• **EXERCISE DESCRIPTION**
The answer should consist of every line in the material below that has the word "Street".
Content starts
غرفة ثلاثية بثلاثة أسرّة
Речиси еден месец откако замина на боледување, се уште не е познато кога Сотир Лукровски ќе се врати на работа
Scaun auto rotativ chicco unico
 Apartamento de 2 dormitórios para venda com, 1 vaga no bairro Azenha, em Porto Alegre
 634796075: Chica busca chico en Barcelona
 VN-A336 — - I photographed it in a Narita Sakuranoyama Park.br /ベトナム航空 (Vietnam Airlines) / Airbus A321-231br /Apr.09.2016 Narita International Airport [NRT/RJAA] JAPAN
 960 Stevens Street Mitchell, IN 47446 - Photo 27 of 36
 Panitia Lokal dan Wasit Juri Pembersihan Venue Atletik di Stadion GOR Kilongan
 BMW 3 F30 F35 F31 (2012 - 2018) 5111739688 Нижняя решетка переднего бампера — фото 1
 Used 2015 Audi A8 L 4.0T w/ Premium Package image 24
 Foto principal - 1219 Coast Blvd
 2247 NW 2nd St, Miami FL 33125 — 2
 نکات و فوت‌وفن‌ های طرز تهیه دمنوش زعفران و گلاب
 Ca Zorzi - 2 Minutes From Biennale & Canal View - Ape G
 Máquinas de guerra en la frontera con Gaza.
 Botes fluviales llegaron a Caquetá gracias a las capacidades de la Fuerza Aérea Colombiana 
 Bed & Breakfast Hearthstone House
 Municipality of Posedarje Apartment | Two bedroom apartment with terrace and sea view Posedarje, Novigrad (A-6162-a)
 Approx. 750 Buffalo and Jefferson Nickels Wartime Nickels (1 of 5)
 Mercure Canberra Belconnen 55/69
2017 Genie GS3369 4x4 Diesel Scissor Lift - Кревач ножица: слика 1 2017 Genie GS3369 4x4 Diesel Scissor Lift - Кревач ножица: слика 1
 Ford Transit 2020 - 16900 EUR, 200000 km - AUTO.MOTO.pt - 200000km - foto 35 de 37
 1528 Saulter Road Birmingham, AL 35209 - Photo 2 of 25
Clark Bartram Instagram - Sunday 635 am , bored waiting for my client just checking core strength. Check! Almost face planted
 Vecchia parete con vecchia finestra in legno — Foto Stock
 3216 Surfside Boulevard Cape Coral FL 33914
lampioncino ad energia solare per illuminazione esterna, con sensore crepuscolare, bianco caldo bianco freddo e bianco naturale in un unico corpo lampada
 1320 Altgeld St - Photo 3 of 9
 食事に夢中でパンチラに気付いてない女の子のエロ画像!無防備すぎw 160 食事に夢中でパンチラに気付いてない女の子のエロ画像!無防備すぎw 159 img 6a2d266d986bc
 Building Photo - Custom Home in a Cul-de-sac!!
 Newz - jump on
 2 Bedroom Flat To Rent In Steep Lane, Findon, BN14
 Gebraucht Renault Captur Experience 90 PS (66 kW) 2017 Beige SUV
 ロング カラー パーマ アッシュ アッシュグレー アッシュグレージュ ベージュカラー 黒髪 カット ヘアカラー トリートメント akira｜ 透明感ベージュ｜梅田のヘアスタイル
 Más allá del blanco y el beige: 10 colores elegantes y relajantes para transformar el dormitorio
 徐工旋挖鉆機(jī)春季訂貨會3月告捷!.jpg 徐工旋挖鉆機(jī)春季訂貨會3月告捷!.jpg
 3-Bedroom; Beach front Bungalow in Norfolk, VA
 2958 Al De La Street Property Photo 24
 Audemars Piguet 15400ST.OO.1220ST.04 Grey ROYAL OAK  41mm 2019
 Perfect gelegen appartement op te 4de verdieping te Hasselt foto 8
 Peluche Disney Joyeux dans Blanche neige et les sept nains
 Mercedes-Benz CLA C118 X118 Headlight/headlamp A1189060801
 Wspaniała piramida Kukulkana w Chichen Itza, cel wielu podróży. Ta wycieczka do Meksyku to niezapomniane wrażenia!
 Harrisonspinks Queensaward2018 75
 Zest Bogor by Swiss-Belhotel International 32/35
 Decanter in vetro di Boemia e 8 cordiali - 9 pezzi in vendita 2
Content ends
• **EXERCISE RESULT**
 960 Stevens Street Mitchell, IN 47446 - Photo 27 of 36
 2958 Al De La Street Property Photo 24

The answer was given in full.